Analysant de plus près le PF17, Davide de Filippo, secrétaire syndical au SIT, dénonce les cadeaux fiscaux octroyés aux multinationales dans le cadre de la suppression de leurs statuts spéciaux. S’il se félicite de la disparition de la déduction des intérêts notionnels (NID), il relève que les réductions d’impôt comprises dans le système de patent box ou pour la recherche et le développement (R&D) continuent à être inacceptables. «Les brevets sont déjà garantis par l’Etat, ce qui permet aux multinationales de vendre leurs produits à des prix supérieurs au marché.
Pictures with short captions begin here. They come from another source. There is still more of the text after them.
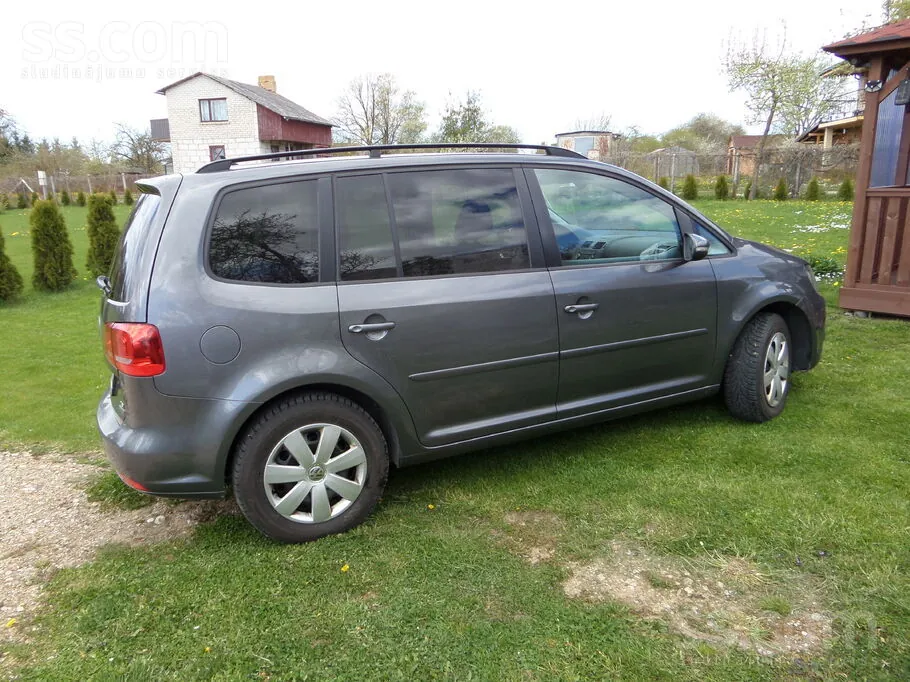 Volkswagen Touran 2010 photo 3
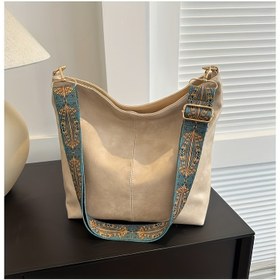 Resim Bohem tarzı kadın omuz çantası - Büyük kapasiteli, vintage geniş askılı, günlük çapraz vücut çantası, commuting için, ince mavi ve altın işleme detaylı, ayarlanabilir askı, fermuar kapanış, commuting çantası | Bohem tarzı çanta | Detaylı işleme, Bohem aksesuarları 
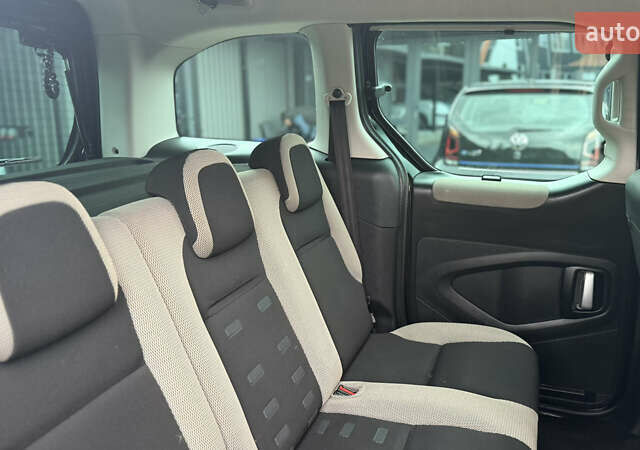 Черный Ситроен Берлинго, объемом двигателя 1.6 л и пробегом 270 тыс. км за 8250 $, фото 18 на Automoto.ua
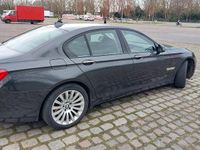 Second-hand BMW 740 326 CP (239 kW) 2009 Gri Berlinǎ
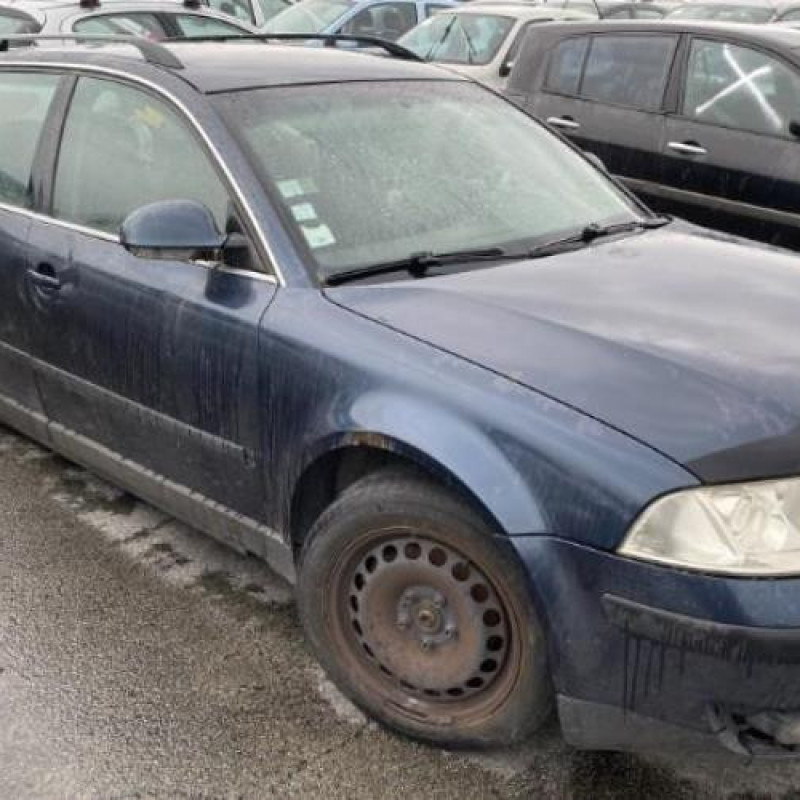 Calandre VOLKSWAGEN PASSAT 4 Photo n°5
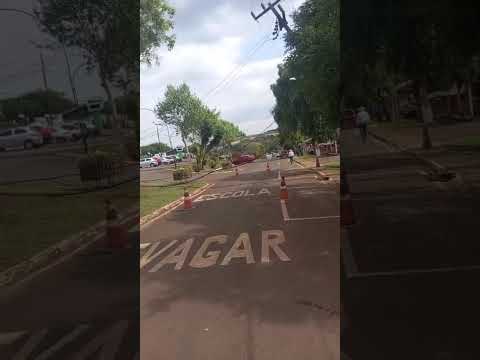 VÍDEO: POSTE CAI E INTERDITA AVENIDA DAS ARAUCÁRIAS EM MATO RICO; FIOS FICAM CAÍDOS NA VIA
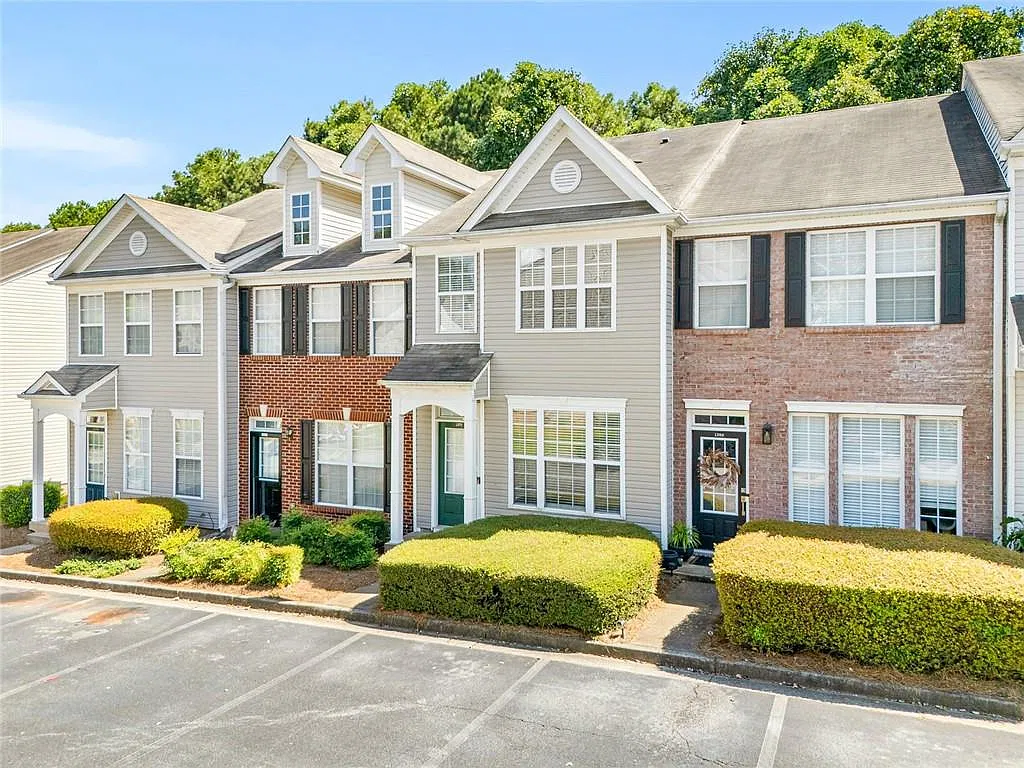 2 bed, 2.5 bath, 1398 sqft, $1,700 — Photo 2
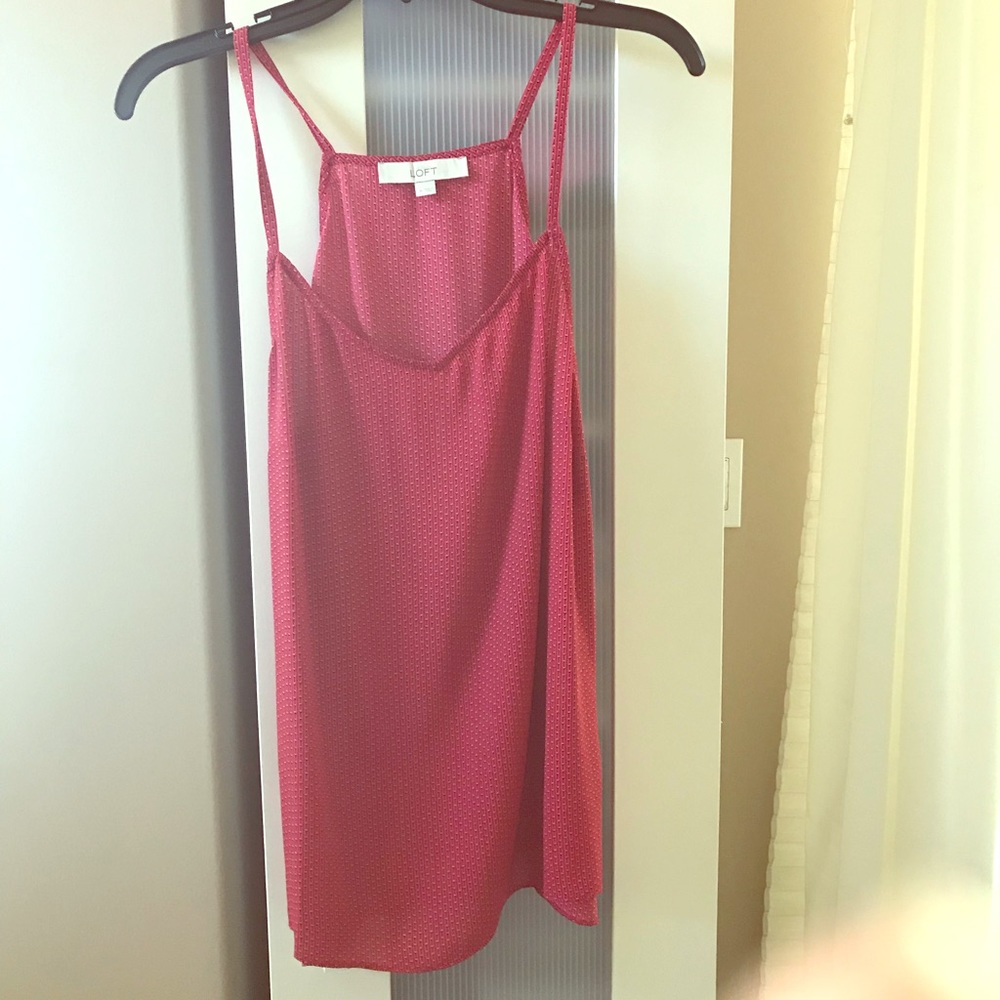 Red pattern tank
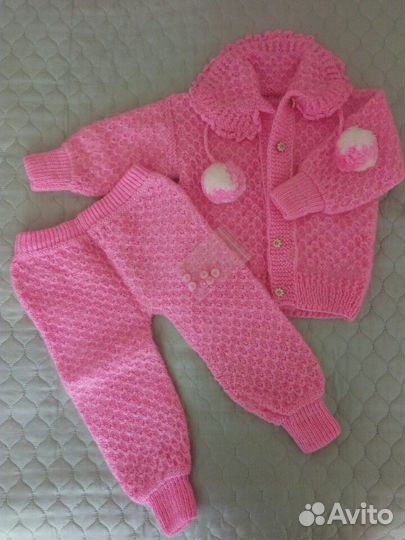 Костюм вязаный. Новый
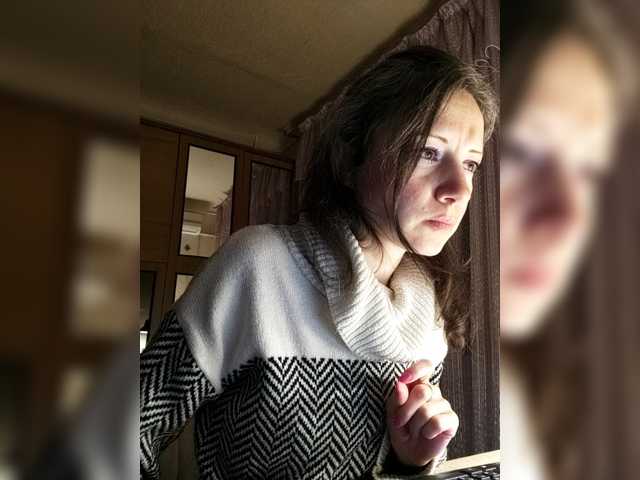 Mint-Lime's BongaCams show and profile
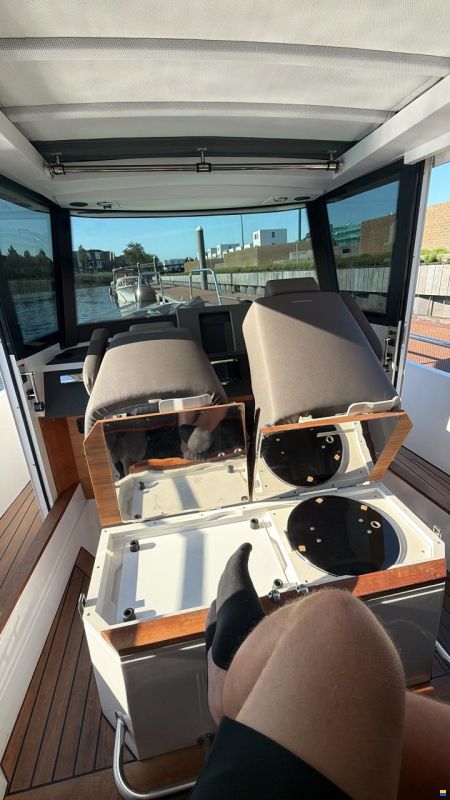 Axopar 28 Cabin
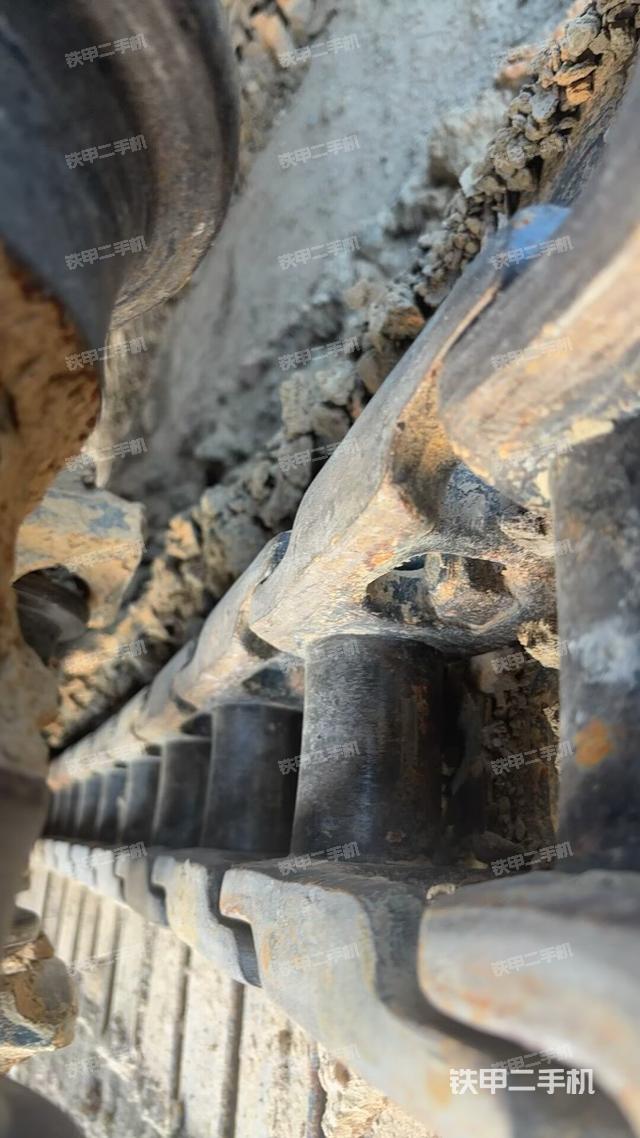 單側(cè)履帶整體(整機(jī)外觀) 單側(cè)履帶整體(整機(jī)外觀)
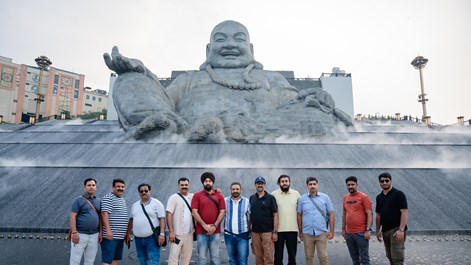 Du khách quốc tế tấp nập chiêm bái núi Bà Đen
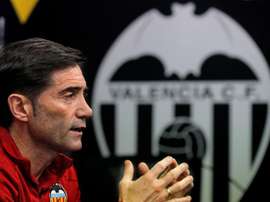 Marcelino descartó un marcaje al hombre a Messi. EFE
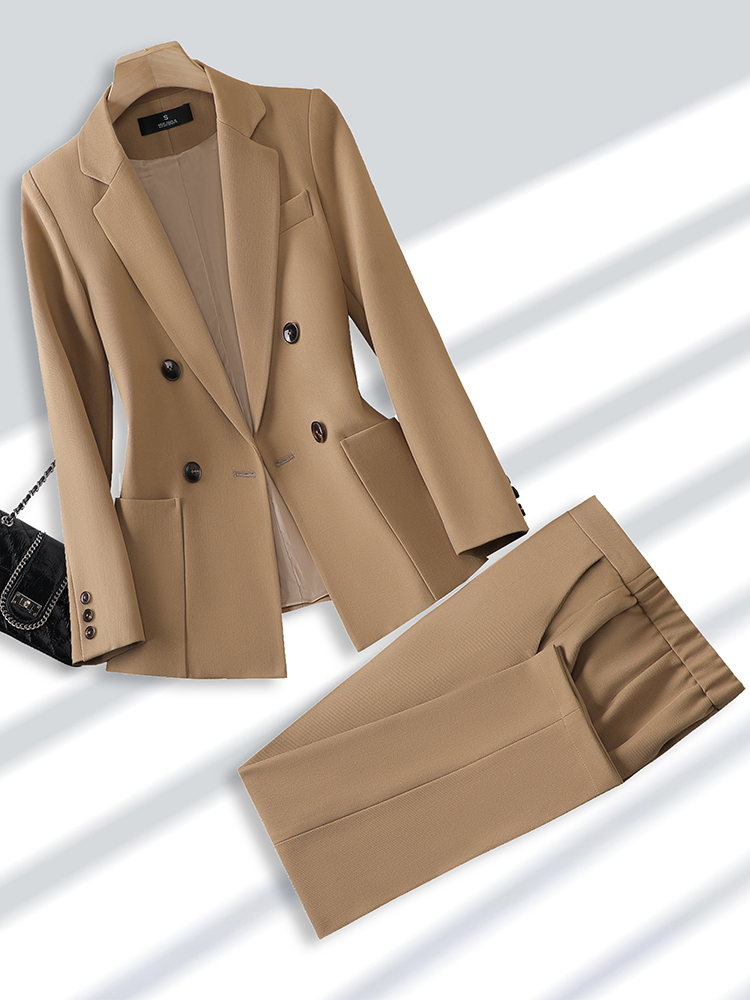 Women Formal Wear With Black Blazer - Modny damski garnitur ze spodniami formalny
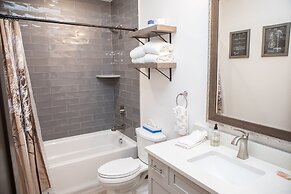 The Seasons 1818 2 Bedroom Condo by RedAwning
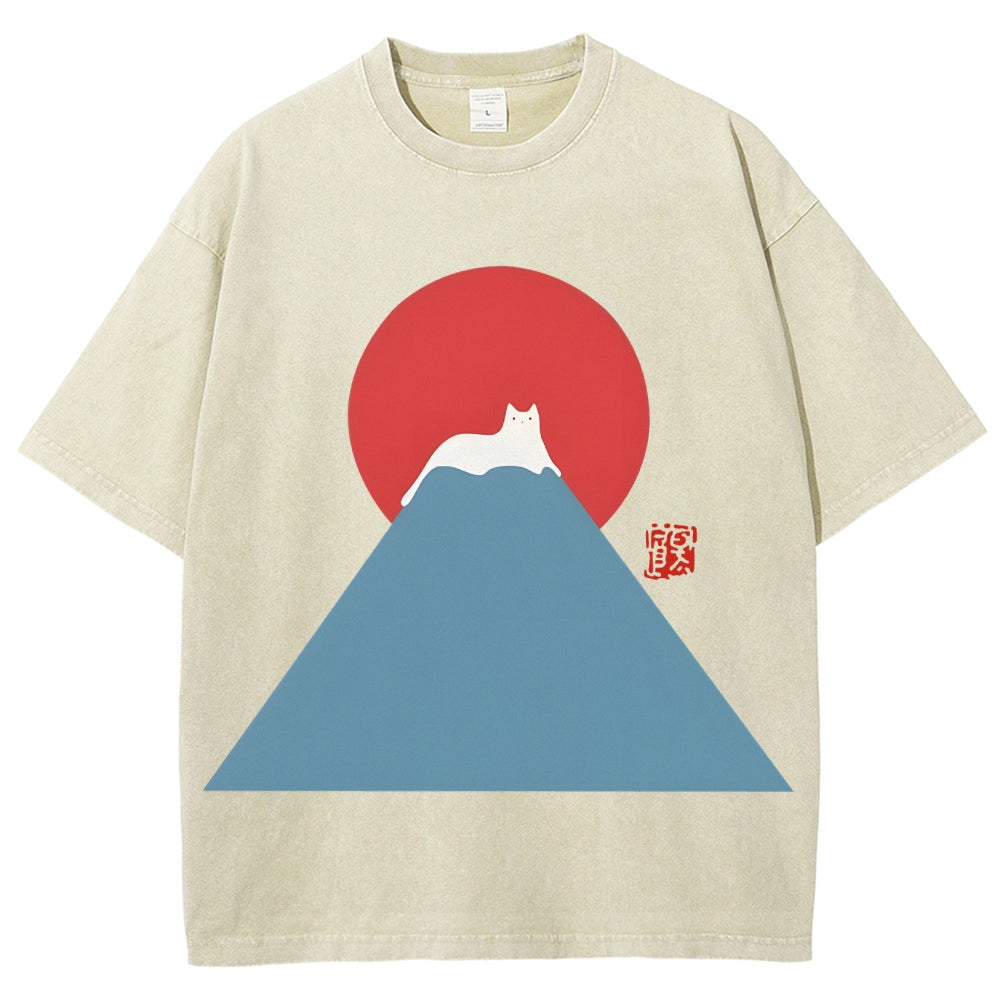 Women's Mt. Fuji White Cat Snow Vintage T-Shirt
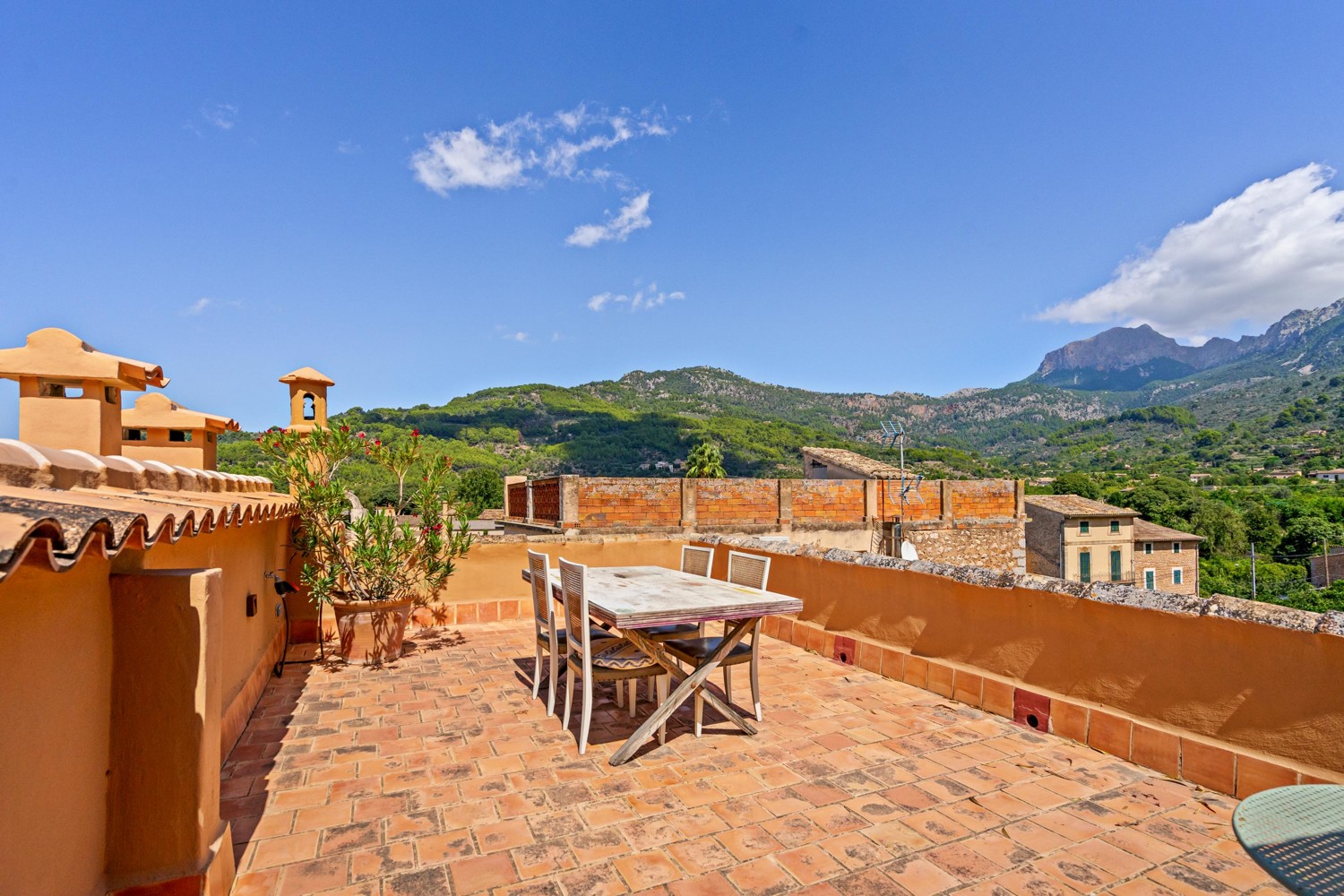 Haus-mit-Garten-und-Pool-in-Sóller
La défiscalisation des revenus et bénéfices qui en sont issus représente donc un double cadeau inacceptable», souligne le secrétaire syndical.

«Dans la RIE III, la limite totale des allégements pouvait aller jusqu’à à 80%. Dans le PF17, elle est limitée à 70%, c’est de la pure provocation», vitupère encore Davide de Filippo. Le projet, dont la mise en consultation vient de se terminer, renforcera la concurrence fiscale intercantonale et entraînera des milliards de pertes pour les collectivités publiques, estime encore la CGAS. La faîtière dénonce aussi les maigres compensations sociales incluses dans la réforme, sous forme d’augmentation légère des allocations familiales au niveau suisse.

La gauche sous pression à Genève

Bon connaisseur de la réforme de l’imposition des entreprises genevoise aussi en cours de discussion, Paolo Gilardi, membre du comité de la CGAS, a tiré à boulets rouges sur le projet de la droite cantonale. «Ce recyclage de façade de la RIE III cantonale persiste à vouloir fixer le taux d’imposition des bénéfices de toutes les entreprises à 13,8% . Cela entraînera des pertes fiscales de plus de 500 millions de francs par année», dénonce le syndicaliste. Il critique aussi l’ambiance délétère des discussions qui se déroulent dans le cadre de tables rondes avec le gouvernement.

«Le conseiller d’Etat Serge Dal Busco et la droite exigent que la gauche, soit le PS et les Verts, n’ait pas d’état d’âme sur la question et suive le gouvernement sans récrimination», explique Paolo Gilardi. «De plus, en instituant une taxe compensatoire de 0,22% sur la masse salariale, la réforme va obliger les toutes petites PME, qui ne paient pas d’impôt sur le bénéfice à payer pour que les grandes entreprises qui n’hésitent pas à délocaliser et à réduire le volume de l’emploi malgré les commandes publiques», critique le syndicaliste.

De faibles compensations sociales
Contrairement au canton de Vaud, où une même réforme de l’imposition des entreprises a déjà été acceptée, les compensations sociales de la PF17 genevoise seront faibles, voir inexistantes. «Le Conseil d’Etat a dit qu’il n’avait pas les moyens, du fait de la dette», précise Paolo Gilardi. La CGAS veut redoubler d’attention sur ce dossier, du fait que le Conseil d’Etat veut aller vite. Il prévoit une entrée en vigueur de la loi pour le 1er janvier 2020, sous réserve d’un éventuel référendum avec votation, agendée en mars 2019.

A l’occasion de son assemblée des délégués, la CGAS a décidé aussi de refuser à l’initiative populaire fédérale «No Billag», qui pourrait faire perdre 13’000 emplois à Genève. La faîtière a aussi décidé d’appeler à voter 4 fois Non en Ville de Genève contre les coupes budgétaires qui mettent en danger des services et prestations à la population et soutient les luttes des salariés d’ABB pour le maintien de l’emploi, du personnel des EMS contre les privatisations de certains services, du personnel des services publics et du secteur subventionné.